— Work order —
The expected output is every entry below, exact in every character.

Records from a collection:

========================================================================

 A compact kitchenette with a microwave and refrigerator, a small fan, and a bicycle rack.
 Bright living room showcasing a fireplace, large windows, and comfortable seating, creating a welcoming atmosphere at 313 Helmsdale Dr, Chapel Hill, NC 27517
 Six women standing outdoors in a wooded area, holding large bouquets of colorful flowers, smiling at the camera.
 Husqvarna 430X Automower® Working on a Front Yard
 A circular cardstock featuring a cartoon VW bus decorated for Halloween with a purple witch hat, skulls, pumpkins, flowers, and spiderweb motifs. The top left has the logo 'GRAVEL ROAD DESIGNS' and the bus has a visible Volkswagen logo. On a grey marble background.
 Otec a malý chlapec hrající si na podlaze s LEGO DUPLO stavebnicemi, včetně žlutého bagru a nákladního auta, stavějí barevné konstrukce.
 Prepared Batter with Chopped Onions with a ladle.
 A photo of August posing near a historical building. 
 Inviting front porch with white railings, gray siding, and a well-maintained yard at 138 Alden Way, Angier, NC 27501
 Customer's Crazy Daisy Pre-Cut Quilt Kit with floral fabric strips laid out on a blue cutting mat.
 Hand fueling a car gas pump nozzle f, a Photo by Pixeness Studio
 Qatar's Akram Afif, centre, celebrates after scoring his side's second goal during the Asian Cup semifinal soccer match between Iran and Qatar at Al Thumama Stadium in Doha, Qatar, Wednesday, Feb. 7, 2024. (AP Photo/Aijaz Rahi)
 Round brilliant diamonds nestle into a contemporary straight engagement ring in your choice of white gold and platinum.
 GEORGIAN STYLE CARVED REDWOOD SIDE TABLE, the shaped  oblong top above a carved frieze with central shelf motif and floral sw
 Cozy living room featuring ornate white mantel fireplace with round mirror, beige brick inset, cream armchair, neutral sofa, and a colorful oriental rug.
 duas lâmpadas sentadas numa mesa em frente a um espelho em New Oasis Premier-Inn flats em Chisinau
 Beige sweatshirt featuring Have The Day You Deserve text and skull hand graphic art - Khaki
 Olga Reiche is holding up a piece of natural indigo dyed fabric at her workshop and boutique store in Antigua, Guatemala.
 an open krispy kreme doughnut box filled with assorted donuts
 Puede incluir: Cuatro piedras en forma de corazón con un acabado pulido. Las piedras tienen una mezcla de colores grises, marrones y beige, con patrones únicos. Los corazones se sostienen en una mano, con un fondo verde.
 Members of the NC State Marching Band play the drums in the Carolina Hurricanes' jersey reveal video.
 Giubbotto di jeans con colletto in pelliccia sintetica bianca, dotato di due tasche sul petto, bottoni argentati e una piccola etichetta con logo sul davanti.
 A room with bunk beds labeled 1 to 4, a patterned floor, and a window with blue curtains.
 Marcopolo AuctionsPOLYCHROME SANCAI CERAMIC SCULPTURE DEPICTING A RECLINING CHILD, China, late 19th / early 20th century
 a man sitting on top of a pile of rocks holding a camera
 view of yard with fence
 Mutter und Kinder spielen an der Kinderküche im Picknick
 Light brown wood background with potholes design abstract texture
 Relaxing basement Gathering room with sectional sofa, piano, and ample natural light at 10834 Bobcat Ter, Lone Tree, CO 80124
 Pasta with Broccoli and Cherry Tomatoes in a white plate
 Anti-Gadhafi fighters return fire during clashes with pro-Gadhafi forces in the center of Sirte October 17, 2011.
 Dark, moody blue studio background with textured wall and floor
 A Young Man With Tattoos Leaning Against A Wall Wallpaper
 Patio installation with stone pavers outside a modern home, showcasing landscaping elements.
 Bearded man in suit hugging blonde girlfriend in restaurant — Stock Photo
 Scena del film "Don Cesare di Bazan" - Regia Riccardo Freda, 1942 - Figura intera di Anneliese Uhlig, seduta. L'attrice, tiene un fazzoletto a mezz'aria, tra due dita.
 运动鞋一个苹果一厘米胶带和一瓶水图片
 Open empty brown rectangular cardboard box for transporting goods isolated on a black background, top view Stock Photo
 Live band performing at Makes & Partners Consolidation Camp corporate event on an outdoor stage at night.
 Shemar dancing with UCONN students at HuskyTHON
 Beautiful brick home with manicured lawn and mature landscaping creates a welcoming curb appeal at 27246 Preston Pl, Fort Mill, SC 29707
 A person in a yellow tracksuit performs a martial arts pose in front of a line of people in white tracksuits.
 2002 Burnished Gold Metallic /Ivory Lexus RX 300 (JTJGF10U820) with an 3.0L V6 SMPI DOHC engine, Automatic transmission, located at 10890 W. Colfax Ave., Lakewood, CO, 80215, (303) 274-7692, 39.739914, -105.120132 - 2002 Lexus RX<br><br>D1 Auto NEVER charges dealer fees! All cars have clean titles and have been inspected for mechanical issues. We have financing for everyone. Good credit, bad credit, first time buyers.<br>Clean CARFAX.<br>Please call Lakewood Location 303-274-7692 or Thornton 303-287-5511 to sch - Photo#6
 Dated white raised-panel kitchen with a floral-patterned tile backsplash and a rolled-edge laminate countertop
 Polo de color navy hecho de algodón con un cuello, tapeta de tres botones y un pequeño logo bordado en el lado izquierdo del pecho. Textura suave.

========================================================================

— Response to this exercise —
 A compact kitchenette with a microwave and refrigerator, a small fan, and a bicycle rack.
 Bright living room showcasing a fireplace, large windows, and comfortable seating, creating a welcoming atmosphere at 313 Helmsdale Dr, Chapel Hill, NC 27517
 Six women standing outdoors in a wooded area, holding large bouquets of colorful flowers, smiling at the camera.
 Husqvarna 430X Automower® Working on a Front Yard
 A circular cardstock featuring a cartoon VW bus decorated for Halloween with a purple witch hat, skulls, pumpkins, flowers, and spiderweb motifs. The top left has the logo 'GRAVEL ROAD DESIGNS' and the bus has a visible Volkswagen logo. On a grey marble background.
 Otec a malý chlapec hrající si na podlaze s LEGO DUPLO stavebnicemi, včetně žlutého bagru a nákladního auta, stavějí barevné konstrukce.
 Prepared Batter with Chopped Onions with a ladle.
 A photo of August posing near a historical building. 
 Inviting front porch with white railings, gray siding, and a well-maintained yard at 138 Alden Way, Angier, NC 27501
 Customer's Crazy Daisy Pre-Cut Quilt Kit with floral fabric strips laid out on a blue cutting mat.
 Hand fueling a car gas pump nozzle f, a Photo by Pixeness Studio
 Qatar's Akram Afif, centre, celebrates after scoring his side's second goal during the Asian Cup semifinal soccer match between Iran and Qatar at Al Thumama Stadium in Doha, Qatar, Wednesday, Feb. 7, 2024. (AP Photo/Aijaz Rahi)
 Round brilliant diamonds nestle into a contemporary straight engagement ring in your choice of white gold and platinum.
 GEORGIAN STYLE CARVED REDWOOD SIDE TABLE, the shaped  oblong top above a carved frieze with central shelf motif and floral sw
 Cozy living room featuring ornate white mantel fireplace with round mirror, beige brick inset, cream armchair, neutral sofa, and a colorful oriental rug.
 duas lâmpadas sentadas numa mesa em frente a um espelho em New Oasis Premier-Inn flats em Chisinau
 Beige sweatshirt featuring Have The Day You Deserve text and skull hand graphic art - Khaki
 Olga Reiche is holding up a piece of natural indigo dyed fabric at her workshop and boutique store in Antigua, Guatemala.
 an open krispy kreme doughnut box filled with assorted donuts
 Puede incluir: Cuatro piedras en forma de corazón con un acabado pulido. Las piedras tienen una mezcla de colores grises, marrones y beige, con patrones únicos. Los corazones se sostienen en una mano, con un fondo verde.
 Members of the NC State Marching Band play the drums in the Carolina Hurricanes' jersey reveal video.
 Giubbotto di jeans con colletto in pelliccia sintetica bianca, dotato di due tasche sul petto, bottoni argentati e una piccola etichetta con logo sul davanti.
 A room with bunk beds labeled 1 to 4, a patterned floor, and a window with blue curtains.
 Marcopolo AuctionsPOLYCHROME SANCAI CERAMIC SCULPTURE DEPICTING A RECLINING CHILD, China, late 19th / early 20th century
 a man sitting on top of a pile of rocks holding a camera
 view of yard with fence
 Mutter und Kinder spielen an der Kinderküche im Picknick
 Light brown wood background with potholes design abstract texture
 Relaxing basement Gathering room with sectional sofa, piano, and ample natural light at 10834 Bobcat Ter, Lone Tree, CO 80124
 Pasta with Broccoli and Cherry Tomatoes in a white plate
 Anti-Gadhafi fighters return fire during clashes with pro-Gadhafi forces in the center of Sirte October 17, 2011.
 Dark, moody blue studio background with textured wall and floor
 A Young Man With Tattoos Leaning Against A Wall Wallpaper
 Patio installation with stone pavers outside a modern home, showcasing landscaping elements.
 Bearded man in suit hugging blonde girlfriend in restaurant — Stock Photo
 Scena del film "Don Cesare di Bazan" - Regia Riccardo Freda, 1942 - Figura intera di Anneliese Uhlig, seduta. L'attrice, tiene un fazzoletto a mezz'aria, tra due dita.
 运动鞋一个苹果一厘米胶带和一瓶水图片
 Open empty brown rectangular cardboard box for transporting goods isolated on a black background, top view Stock Photo
 Live band performing at Makes & Partners Consolidation Camp corporate event on an outdoor stage at night.
 Shemar dancing with UCONN students at HuskyTHON
 Beautiful brick home with manicured lawn and mature landscaping creates a welcoming curb appeal at 27246 Preston Pl, Fort Mill, SC 29707
 A person in a yellow tracksuit performs a martial arts pose in front of a line of people in white tracksuits.
 2002 Burnished Gold Metallic /Ivory Lexus RX 300 (JTJGF10U820) with an 3.0L V6 SMPI DOHC engine, Automatic transmission, located at 10890 W. Colfax Ave., Lakewood, CO, 80215, (303) 274-7692, 39.739914, -105.120132 - 2002 Lexus RX<br><br>D1 Auto NEVER charges dealer fees! All cars have clean titles and have been inspected for mechanical issues. We have financing for everyone. Good credit, bad credit, first time buyers.<br>Clean CARFAX.<br>Please call Lakewood Location 303-274-7692 or Thornton 303-287-5511 to sch - Photo#6
 Dated white raised-panel kitchen with a floral-patterned tile backsplash and a rolled-edge laminate countertop
 Polo de color navy hecho de algodón con un cuello, tapeta de tres botones y un pequeño logo bordado en el lado izquierdo del pecho. Textura suave.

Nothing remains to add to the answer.